Ficção e realidade não andam de mãos dadas

Em 1955, integrando a comitiva norte-americana, Grace Kelly aterrou na cidade francesa de Cannes com o objectivo de promover Ladrão de Casaca, de Alfred Hitchcock. A actriz tinha acabado de ganhar o Óscar pelo seu desempenho em The Country Girl – Para Sempre (1954) e a sua fama já a precedia na Europa. 

Apadrinhada pelo mestre Hitchcock – com quem também filmou Chamada para a Morte e A Janela Indiscreta -, o talento da actriz era reconhecido mundialmente e, apesar de a sua carreira só ter durado seis anos, sempre houve quem defendesse que foi Grace Kelly e não Marilyn Monroe quem perpetuou o glamour associado às estrelas de Hollywood. Por isso, naquele longínquo ano de 1955, Grace foi recebida com honras de Estado pelo Governo francês, que organizou uma série de encontros entre a actriz e destacadas figuras europeias. Entre elas estava o príncipe Rainier III, do vizinho principado do Mónaco.

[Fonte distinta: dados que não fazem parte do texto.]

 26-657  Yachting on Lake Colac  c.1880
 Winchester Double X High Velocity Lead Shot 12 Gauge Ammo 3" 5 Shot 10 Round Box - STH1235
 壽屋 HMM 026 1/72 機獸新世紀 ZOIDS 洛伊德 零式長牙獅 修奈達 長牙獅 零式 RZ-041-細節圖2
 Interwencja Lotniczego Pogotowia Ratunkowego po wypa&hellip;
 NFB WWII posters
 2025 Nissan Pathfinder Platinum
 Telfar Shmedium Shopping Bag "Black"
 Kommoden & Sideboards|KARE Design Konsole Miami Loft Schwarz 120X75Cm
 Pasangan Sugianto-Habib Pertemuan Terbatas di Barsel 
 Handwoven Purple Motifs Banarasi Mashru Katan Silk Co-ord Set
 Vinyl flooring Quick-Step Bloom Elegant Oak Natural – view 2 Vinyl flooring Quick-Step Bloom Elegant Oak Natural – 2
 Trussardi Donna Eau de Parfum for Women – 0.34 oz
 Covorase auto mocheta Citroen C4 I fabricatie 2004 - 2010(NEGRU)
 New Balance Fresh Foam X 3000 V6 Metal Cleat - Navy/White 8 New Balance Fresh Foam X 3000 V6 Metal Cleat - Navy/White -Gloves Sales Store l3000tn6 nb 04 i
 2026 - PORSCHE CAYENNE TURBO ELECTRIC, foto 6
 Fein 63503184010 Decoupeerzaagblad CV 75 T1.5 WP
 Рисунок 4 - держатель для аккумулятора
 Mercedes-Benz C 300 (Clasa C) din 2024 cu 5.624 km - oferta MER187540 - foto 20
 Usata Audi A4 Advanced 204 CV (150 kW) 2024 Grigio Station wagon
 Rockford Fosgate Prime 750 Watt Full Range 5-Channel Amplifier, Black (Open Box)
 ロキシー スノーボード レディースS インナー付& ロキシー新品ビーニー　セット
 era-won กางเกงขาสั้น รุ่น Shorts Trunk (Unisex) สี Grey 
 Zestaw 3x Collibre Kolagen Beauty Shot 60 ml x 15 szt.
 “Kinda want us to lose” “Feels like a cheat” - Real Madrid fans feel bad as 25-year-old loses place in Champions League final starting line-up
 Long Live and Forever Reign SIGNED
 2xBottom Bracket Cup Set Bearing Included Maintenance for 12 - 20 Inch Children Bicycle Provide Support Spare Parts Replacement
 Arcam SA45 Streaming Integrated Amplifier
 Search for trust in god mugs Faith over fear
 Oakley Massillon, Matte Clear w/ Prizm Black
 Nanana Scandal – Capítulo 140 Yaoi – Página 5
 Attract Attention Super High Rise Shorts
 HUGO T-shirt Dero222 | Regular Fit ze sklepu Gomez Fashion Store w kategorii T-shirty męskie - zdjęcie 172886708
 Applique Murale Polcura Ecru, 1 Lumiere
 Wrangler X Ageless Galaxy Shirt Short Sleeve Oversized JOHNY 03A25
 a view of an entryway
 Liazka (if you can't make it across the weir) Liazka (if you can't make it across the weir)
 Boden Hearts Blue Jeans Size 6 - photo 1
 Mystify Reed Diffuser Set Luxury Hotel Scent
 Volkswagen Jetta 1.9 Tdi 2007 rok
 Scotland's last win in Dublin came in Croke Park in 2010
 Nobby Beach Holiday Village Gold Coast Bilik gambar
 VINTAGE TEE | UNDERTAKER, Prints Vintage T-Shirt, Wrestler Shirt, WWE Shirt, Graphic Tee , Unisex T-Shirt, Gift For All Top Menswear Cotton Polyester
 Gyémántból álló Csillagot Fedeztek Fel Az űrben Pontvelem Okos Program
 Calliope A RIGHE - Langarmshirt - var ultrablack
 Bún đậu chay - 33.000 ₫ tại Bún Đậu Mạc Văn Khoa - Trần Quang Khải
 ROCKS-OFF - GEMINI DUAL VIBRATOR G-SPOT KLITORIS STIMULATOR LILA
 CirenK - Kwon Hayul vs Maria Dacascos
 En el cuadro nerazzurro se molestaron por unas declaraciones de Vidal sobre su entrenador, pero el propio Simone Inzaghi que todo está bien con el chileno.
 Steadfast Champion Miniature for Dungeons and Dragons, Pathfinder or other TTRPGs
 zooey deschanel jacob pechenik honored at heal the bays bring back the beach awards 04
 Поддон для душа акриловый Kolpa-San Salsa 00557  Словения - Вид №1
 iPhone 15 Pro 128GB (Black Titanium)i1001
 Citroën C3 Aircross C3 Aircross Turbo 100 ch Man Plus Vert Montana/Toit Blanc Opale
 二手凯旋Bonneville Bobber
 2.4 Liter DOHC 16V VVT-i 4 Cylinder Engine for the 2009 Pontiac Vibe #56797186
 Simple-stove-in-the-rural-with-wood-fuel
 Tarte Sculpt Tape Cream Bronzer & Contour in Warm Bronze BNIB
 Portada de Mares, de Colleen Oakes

Quase 60 anos depois, Grace Kelly voltou a abrilhantar o Festival de Cannes quando o filme Grace de Mónaco, com Nicole Kidman no papel principal, abriu o certame.

Grace abandonou o cinema definitivamente um ano depois de ter conhecido Rainier, em Abril de 1956, para se casar com o príncipe do Mónaco, mas poucos anos depois corria que a actriz estava arrependida de ter deixado o cinema. Tal como a sua vida na fase pós-Hollywood, o filme tem sido alvo de muita especulação. Logo para começar, a presença em Cannes com honras de abertura foi questionada, depois de os filhos da princesa – Alberto, Carolina e Stéphanie – terem criticado fortemente a longa-metragem e informado a organização do festival que, se assim fosse, não marcariam presença no evento. Em comunicado divulgado à imprensa, os herdeiros de Grace Kelly consideraram que o filme “não pode, de forma alguma, ser classificado de cinebiografia” e o “trailer fantasioso reforça a convicção de que se trata de uma produção baseada em referências históricas e literárias duvidosas”.

Mas a disputa entre a família Grimaldi e a produção de Grace de Mónaco começou muito antes. Ainda durante as filmagens, a casa real enviou diversas observações sobre o guião, que considera ter várias imprecisões históricas, mas foi ignorada pela produção. “A família não quer de forma alguma estar associada a este filme e lamenta que a sua história tenha sido distorcida com fins meramente comerciais”.

Em resposta ao comunicado, o realizador Olivier Dahan – que em 2007 assinou La Vie en Rose, biopic sobre Édith Piaf que valeu à actriz francesa Marion Cotillard o Óscar de Melhor Actriz – disse que se sentiu “insultado” pelos ataques dos monarcas monegascas. “Nunca pretendi fazer uma cinebiografia. Não há nada que mereça este drama. Há coisas reais e outras inventadas: é o meu direito à ficção. Mas quando leio que tudo foi feito com fins comerciais, sinto-me insultado”, afirmou em entrevista ao semanário Le Journal du Dimanche.

Este tipo de contestação da parte de familiares de figuras retratadas no cinema já se tornou habitual (no ano passado, aconteceu o mesmo com Diana, filme sobre a princesa de Gales). Disputas com o distribuidor é que são menos óbvias. Mas Olivier Dahan também não escapou ao conhecido mau feitio de Harvey Weinstein, da Miramax, que comprou os direitos de distribuição do filme para os Estados Unidos.

Centrado num período curto da vida da princesa – quando, seis anos depois de se casar, Grace Kelly tem de decidir entre regressar a Hollywood a convite de Hitchcock para protagonizar Marnie, ou ficar ao lado do marido, numa altura em que o Mónaco está a passar por uma crise política com a França -, Weinstein achou que o filme tal como foi apresentado pelo realizador não apelava ao mercado norte-americano e exigiu mais cenas da actriz em Hollywood. Dahan não cedeu e a Miramax retirou o filme da sua lista de estreias para 2014.